[EXERCISE REQUIREMENTS] Your answer must be an exact repeat of the lines from the one containing "Romain Faivre d'Arcier" through the last line of the records, both included, with no pictures.

*** PROVIDED MATERIAL ***

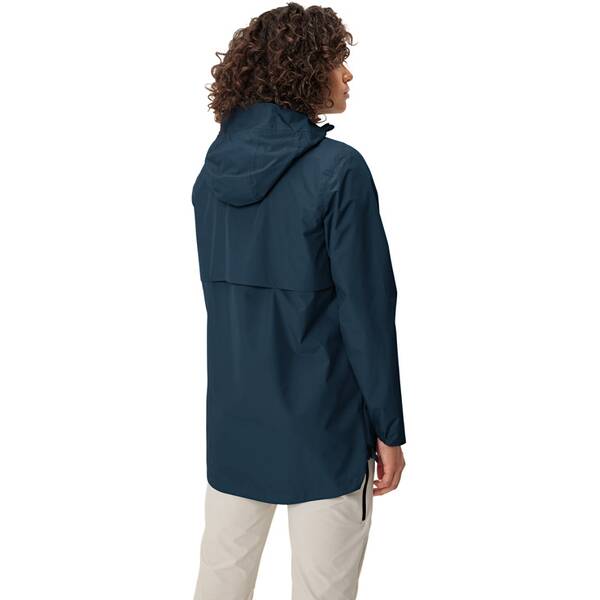 Thumbnail - VAUDE Damen Funktionsjacke Wo Mineo 2L Jacket II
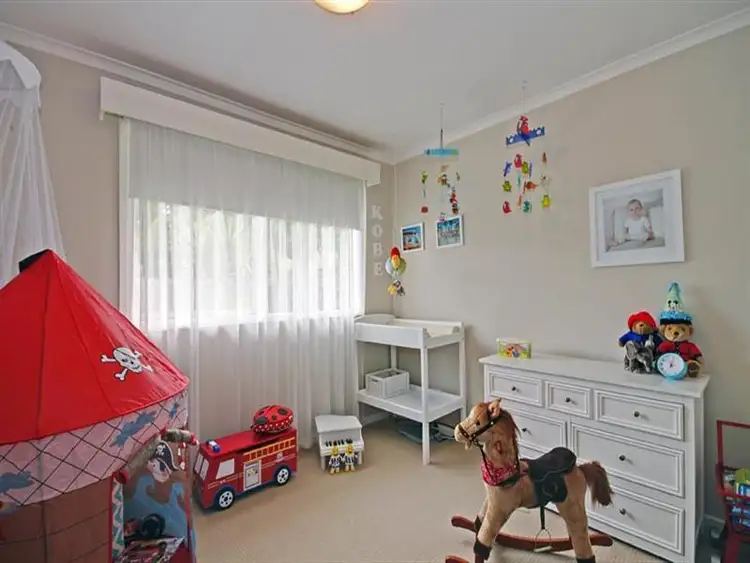 Sixth view of Homely unit listing, 43 Orana Crescent, Chelsea VIC 3196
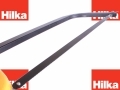 Hilka 12 inch Hacksaw Frame Plastic Handle HIL43800012 *Out of Stock*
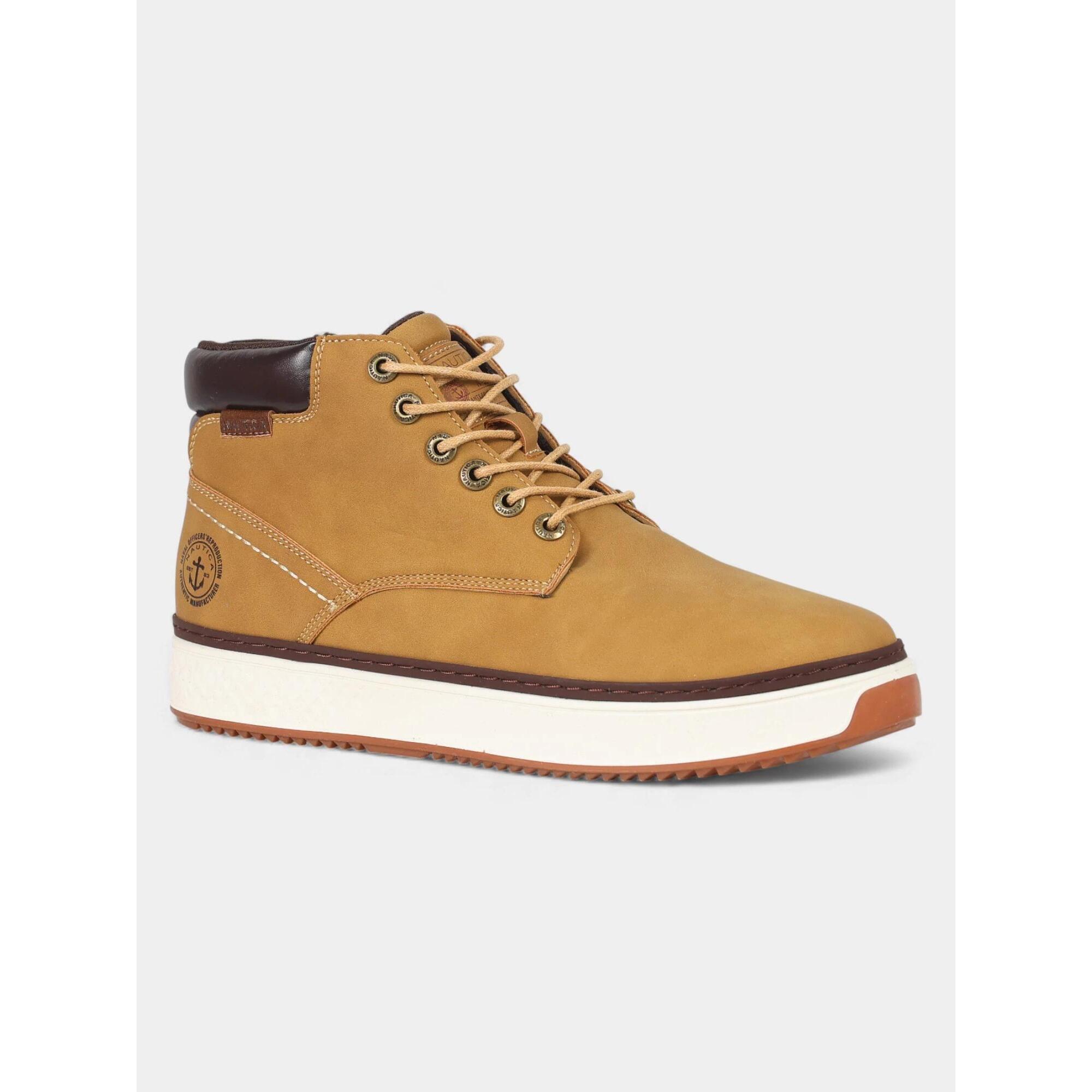 Buty Męskie Nautica Vancouver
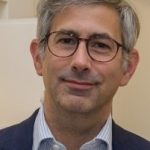 Romain Faivre d'Arcier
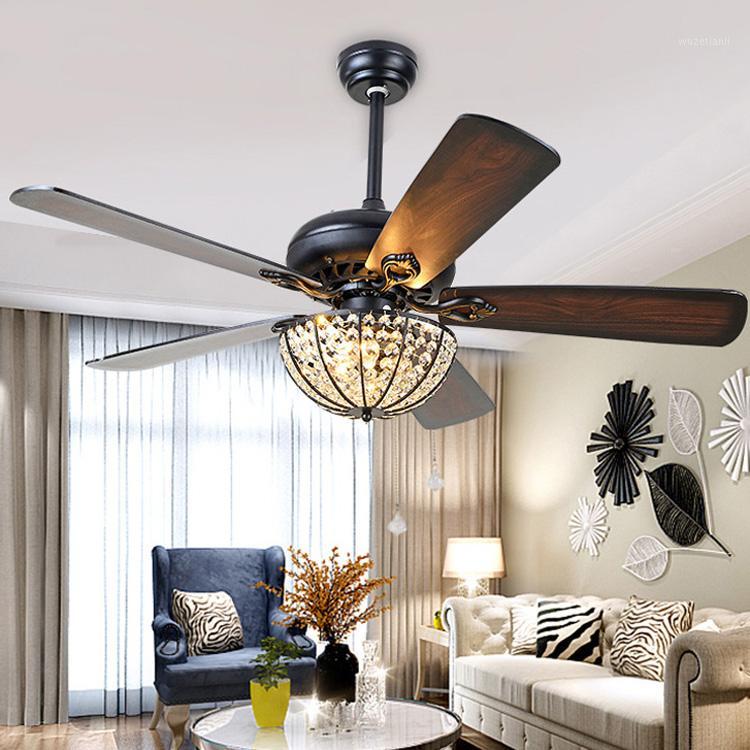 Modern Ceiling Fans Led Light with 5 Wood Blades for Living Room Bedroom Dinning Room Remote Control 3 Speed1
Modern Ceiling Fans Led Light with 5 Wood Blades for Living Room Bedroom Dinning Room Remote Control 3 Speed1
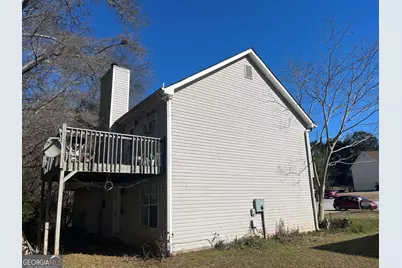 7061 Regency Lane, McDonough, GA 30253 - Photo 4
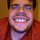 Fb_profile_picture.thumb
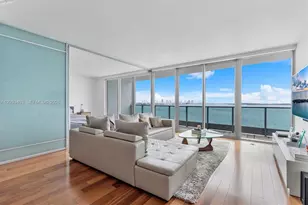 1331 Brickell Bay Dr, Miami, FL 33131 - Photo 15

*** End of PROVIDED MATERIAL ***

[EXERCISE SOLUTION]
 Romain Faivre d'Arcier
 Modern Ceiling Fans Led Light with 5 Wood Blades for Living Room Bedroom Dinning Room Remote Control 3 Speed1
Modern Ceiling Fans Led Light with 5 Wood Blades for Living Room Bedroom Dinning Room Remote Control 3 Speed1
 7061 Regency Lane, McDonough, GA 30253 - Photo 4
 Fb_profile_picture.thumb
 1331 Brickell Bay Dr, Miami, FL 33131 - Photo 15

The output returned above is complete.